> Aim of the task
Exactly as written, set down each line of the data below except its pictures.

> Dataset section
Segment Open

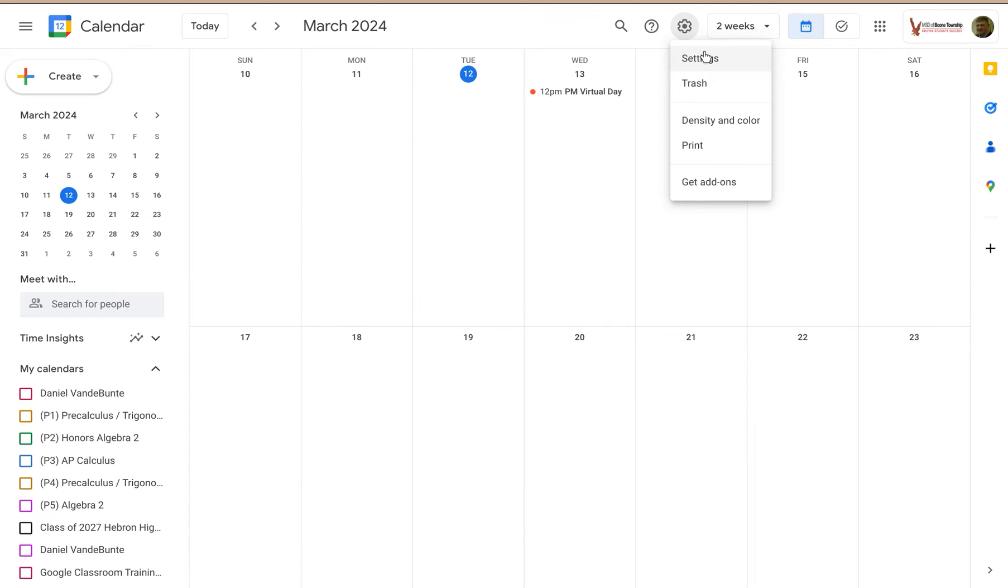If you click on that, you can go directly to the calendar settings, trash a calendar, update the density and color, print the calendar, or access add-ons.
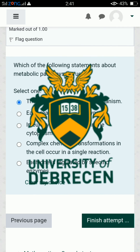So guys, these were the 20 MCQs for University of Debrecen for medical and biology fields. If you have any questions, don't forget to comment. Best of luck.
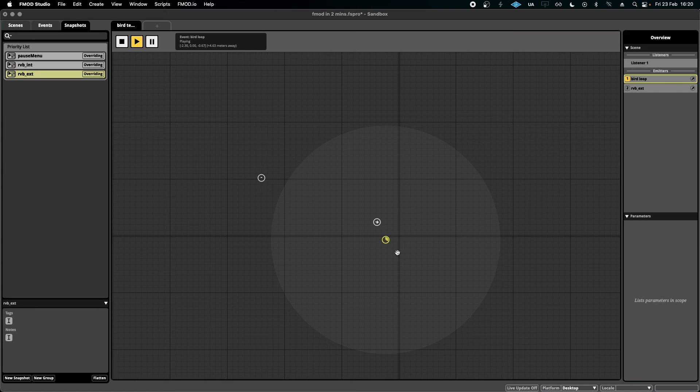So there you go. I hope you find a reason to test your sounds in the FMOD sandbox before going any further.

Segment Closed

> Exercise output
If you click on that, you can go directly to the calendar settings, trash a calendar, update the density and color, print the calendar, or access add-ons.
So guys, these were the 20 MCQs for University of Debrecen for medical and biology fields. If you have any questions, don't forget to comment. Best of luck.
So there you go. I hope you find a reason to test your sounds in the FMOD sandbox before going any further.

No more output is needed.